From: DA Morgan <damorgan_at_exesolutions.com>
Date: Thu, 16 Jan 2003 09:59:58 -0800
Message-ID: <3E26F31E.F2D2B70C@exesolutions.com>


Steve Quezadas wrote:

> I have a legal database with a [Cases] table and a [Defendants] table and
> they are both linked together with a [CaseNumber] field.There are usually
> about 40 defendants or so for every case, and it's a "one to many
> relationship". Here's the deal though: Sometimes I need to pull up a query
> that says "show me all casenumbers where the defendant can be (Arco or Shell
> or Exxon) AND the casenumber MUST have defendant Union76."
>
> This is a bit awkward for SQL if the Defendants table and Cases table
> are separate. I, at first, thought about keeping the tables separate and
> doing a series of tables that list case numbers that build/exclude upon
> each other for ecah criteria, but this method seems slow performance-wise.
> Another method I thought of is to DENOMARMALIZE the database and simply list
> all defendants per case in a single long text field within the [Cases]
> table with each name separated by a token (in this case "~"). Then I can
> do all the "ands" and "ors" in that single text field without SQL awkwardness.
> Performance seems fast too.
>
> Do you think this is the best method or is there a better way?
>
> - Steve

What links the two tables? Just inventing an aribtrary field for demo purposes:

SELECT c.case_number
FROM cases c, defendants d
WHERE c.id = d.id
AND d.name = 'UNION76'

will give you all case numbers where UNION76 is definitely the defendant.

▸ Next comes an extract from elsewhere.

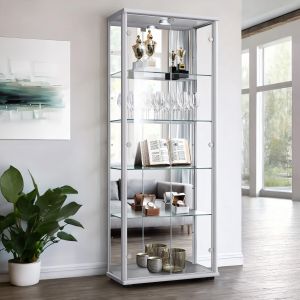 K-möbel vitrina cristal plateado 176x67x33 cm, espejo, LED, cerradura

Then put this into another query as part of the WHERE clause:

SELECT *
FROM cases c, defendants d
WHERE c.id = d.id
AND c.id IN (

   SELECT c.case_number
   FROM cases c, defendants d
   WHERE c.id = d.id
   AND d.name = 'UNION76');

If this doesn't do it please provide information on the foreign key between the two tables and the correct column names.